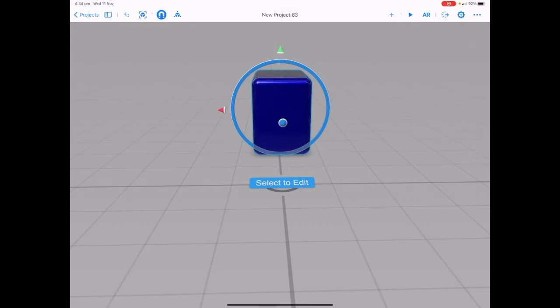For our third lesson we are going to start looking at adding a behavior onto our shape. Let's tap on the behavior menu in the top right hand corner. It looks like a dial with an arrow pointing to the right.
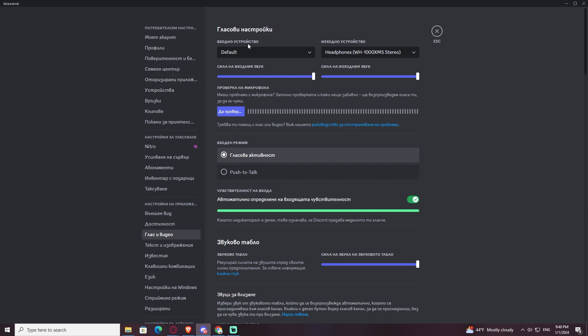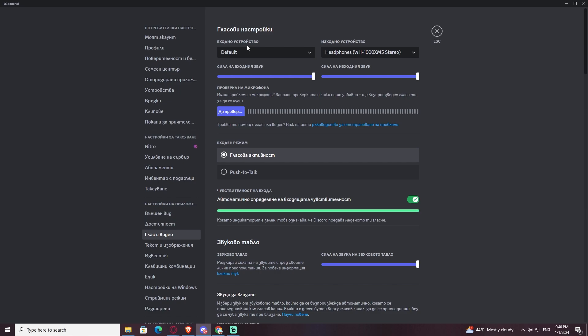So the only possible solution for this is either to get a new mic, like I have done, or do this thing. But I have to admit that it's not the best solution out there.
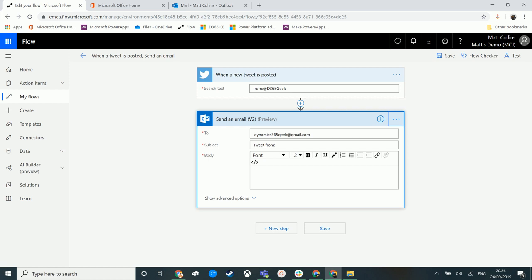So what is dynamic content? Well dynamic content is content that you are getting from another part of your flow. So this could be details from a record, details from a tweet, from an email, it could be usernames, it could be email addresses. Any other content that we have access to from that first trigger or additional actions are things that you can use in dynamic content to do something in your flow.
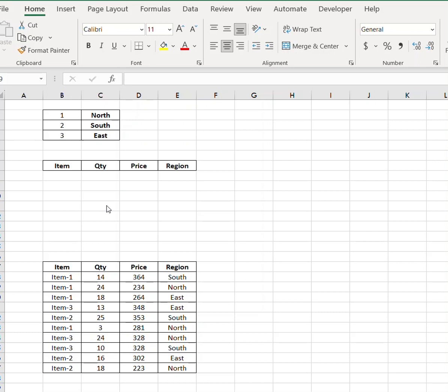Hi everyone, welcome to another mini dashboard tutorial. Today we're going to make a dynamic dashboard in just three minutes.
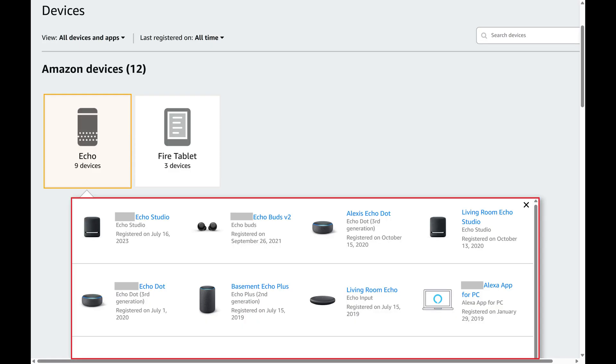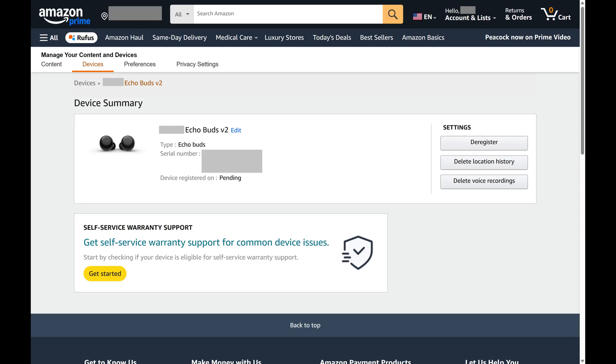Step 4: Tap the specific Amazon device you want to deregister from your account. A Device Summary screen for that device is shown.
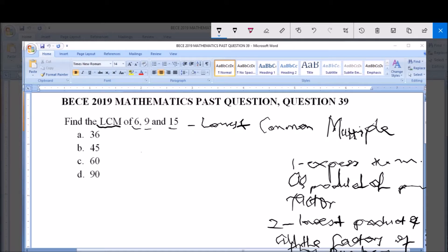The first number is 6. To express 6 as a product of prime factors, we start with the lowest prime number, which is 2. Since 2 goes into 6 three times, we write down 2. Then, 2 cannot go into 3, so we move to the next prime number, 3. Since 3 goes into 3 once, we write 3. So 6 = 2 × 3.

■ ■ ■ ■

▶ _EXERCISE OBJECTIVE_
With images omitted, retype the data word for word.

▶ _EXERCISE RESPONSE_
For our third lesson we are going to start looking at adding a behavior onto our shape. Let's tap on the behavior menu in the top right hand corner. It looks like a dial with an arrow pointing to the right.
So the only possible solution for this is either to get a new mic, like I have done, or do this thing. But I have to admit that it's not the best solution out there.
So what is dynamic content? Well dynamic content is content that you are getting from another part of your flow. So this could be details from a record, details from a tweet, from an email, it could be usernames, it could be email addresses. Any other content that we have access to from that first trigger or additional actions are things that you can use in dynamic content to do something in your flow.
Hi everyone, welcome to another mini dashboard tutorial. Today we're going to make a dynamic dashboard in just three minutes.
Step 4: Tap the specific Amazon device you want to deregister from your account. A Device Summary screen for that device is shown.
The first number is 6. To express 6 as a product of prime factors, we start with the lowest prime number, which is 2. Since 2 goes into 6 three times, we write down 2. Then, 2 cannot go into 3, so we move to the next prime number, 3. Since 3 goes into 3 once, we write 3. So 6 = 2 × 3.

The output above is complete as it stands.